The nineteenth century also saw the birth of the first general-interest magazine aimed at a national audience. In 1821, two young Philadelphia printers, Charles Alexander and Samuel Coate Atkinson, launched the Saturday Evening Post, which became the longest-running magazine in U.S. history. Like most magazines of the day, the early Post included a few original essays but “borrowed” many pieces from other sources. Eventually, however, the Post grew to incorporate news, poetry, essays, play reviews, and more. The Post published the writings of such prominent popular authors as Nathaniel Hawthorne and Harriet Beecher Stowe. Although the Post was a general-interest magazine, it also was the first major magazine to appeal directly to women, via its “Lady’s Friend” column, which addressed women’s issues.

National, Women’s, and Illustrated Magazines

With increases in literacy and public education, the development of faster printing technologies, and improvements in mail delivery (due to rail transportation), a market was created for more national magazines like the Saturday Evening Post. Whereas in 1825 one hundred magazines struggled for survival, by 1850 nearly six hundred magazines were being published regularly. (Thousands of others lasted less than a year.) Significant national magazines of the era included Graham’s Magazine (1840–1858), one of the most influential and entertaining magazines in the country; Knickerbocker (1833–1864), which published essays and literary works by Washington Irving, James Fenimore Cooper, and Nathaniel Hawthorne (preceding such national cultural magazines as the New Yorker and Harper’s); the Nation (1865–present), which pioneered the national political magazine format; and Youth’s Companion (1826–1929), one of the first successful national magazines for younger readers.

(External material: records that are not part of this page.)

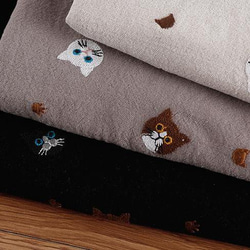 刺繍生地 可愛い猫の柄 綿麻生地 3色 2枚目の画像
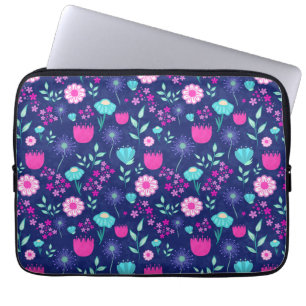Süßes Blumenmuster Hintergrund Laptopschutzhülle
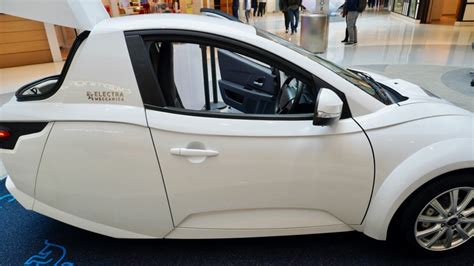 This Electric Three-Wheel Car Aiming To Revolutionize Travel Has A Fatal Flaw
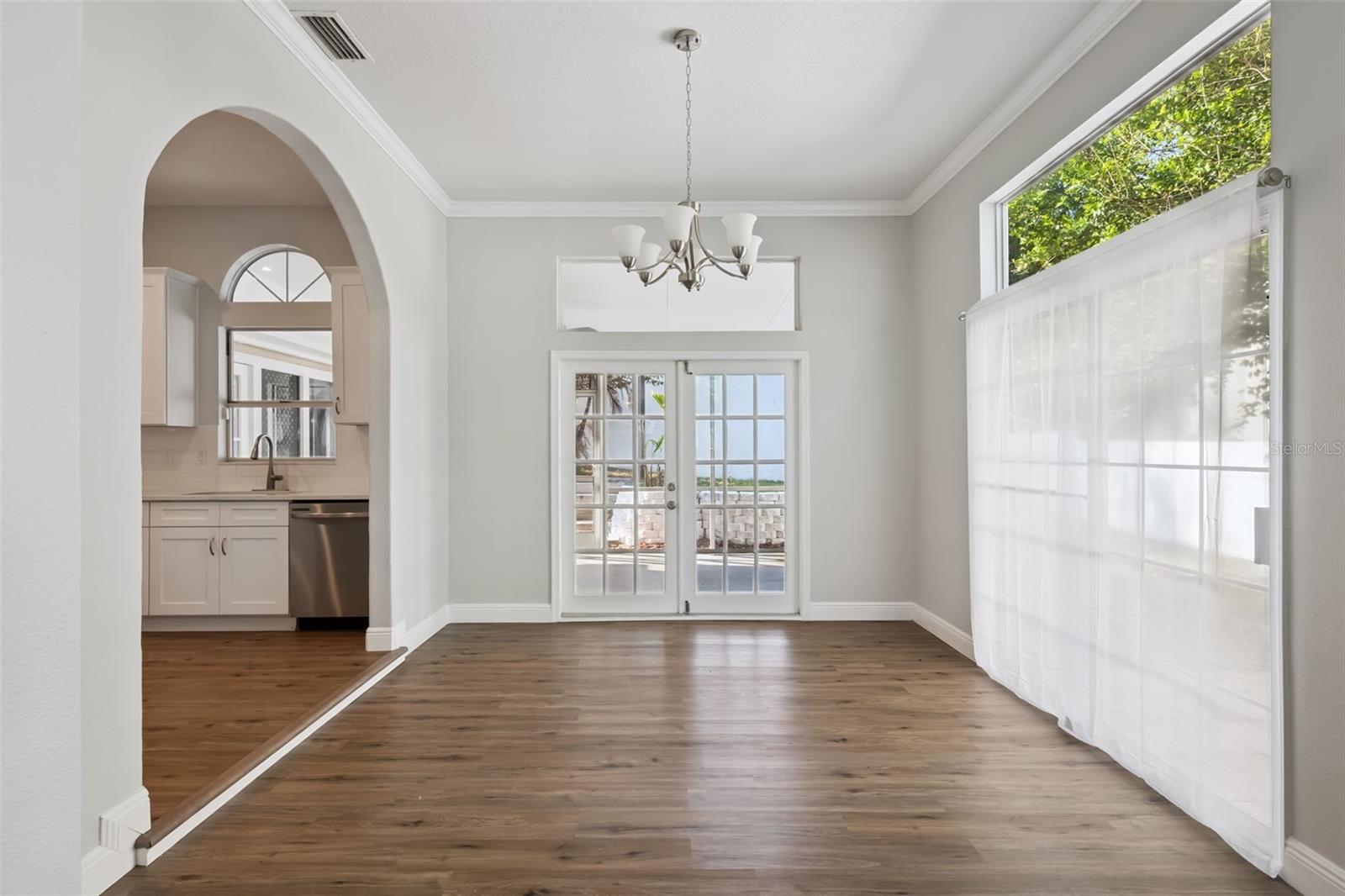 LONGWOOD GREEN REP - Residential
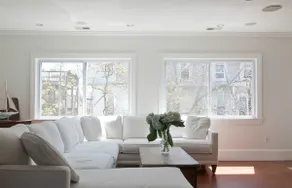 BOSTON LUXURY FOR LESS!! NEAR BCEC - Image 2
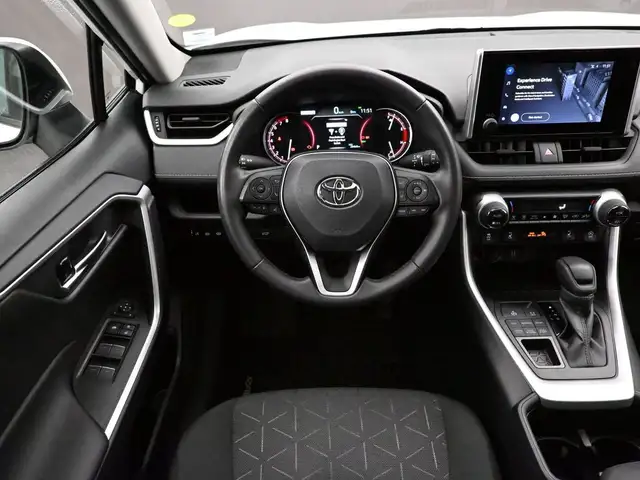 2025 Toyota RAV4 XLE AWD | HEATED SEATS | SUNROOF & MORE! - Photo 22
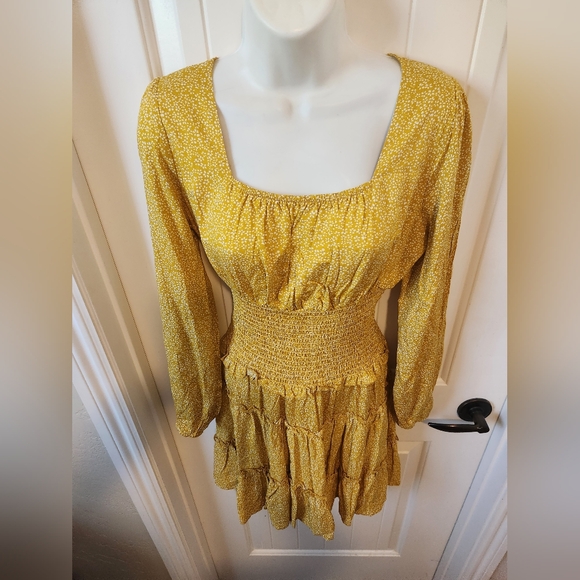 R.Vivimos Autumn Long Bell Sleeve Scoop Neck Smock Polka-dot Tiered Dress NWT - Picture 3 of 7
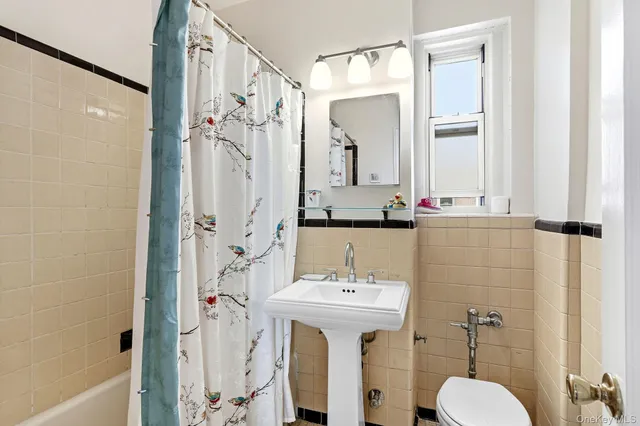 $215,000 | 90 Bryant Avenue, Unit 6CA (ABBEY), White Plains, NY 10605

Besides the move to national circulation, other important developments in the magazine industry were under way. In 1828, Sarah Josepha Hale started the first magazine directed exclusively to a female audience: the Ladies’ Magazine. In addition to carrying general-interest articles, the magazine advocated for women’s education, work, and property rights. After nine years and marginal success, Hale merged her magazine with its main rival, Godey’s Lady’s Book (1830–1898), which she edited for the next forty years. By 1850, Godey’s, known for its colorful fashion illustrations in addition to its advocacy, achieved a circulation of 40,000 copies—at the time, the biggest distribution ever for a U.S. magazine. By 1860, circulation swelled to 150,000. Hale’s magazine played a central role in educating working- and middle-class women, who were denied access to higher education throughout the nineteenth century.

The other major development in magazine publishing during the mid-nineteenth century was the arrival of illustration. Like the first newspapers, early magazines were totally dependent on the printed word. By the mid-1850s, drawings, engravings, woodcuts, and other forms of illustration had become a major feature of magazines. During this time, Godey’s Lady’s Book employed up to 150 women to color-tint its magazine illustrations and stencil drawings by hand. Meanwhile, Harper’s New Monthly Magazine, founded in 1850, offered extensive woodcut illustrations with each issue. During the Civil War, many readers relied on Harper’s for its elaborate battlefield sketches. Publications like Harper’s married visual language to the printed word, helping transform magazines into a mass medium. Bringing photographs into magazines took a bit longer. Mathew Brady and his colleagues, whose thirty-five hundred photos documented the Civil War, helped to popularize photography by the 1860s. But it was not until the 1890s that magazines and newspapers possessed the technology to reproduce photos in print media.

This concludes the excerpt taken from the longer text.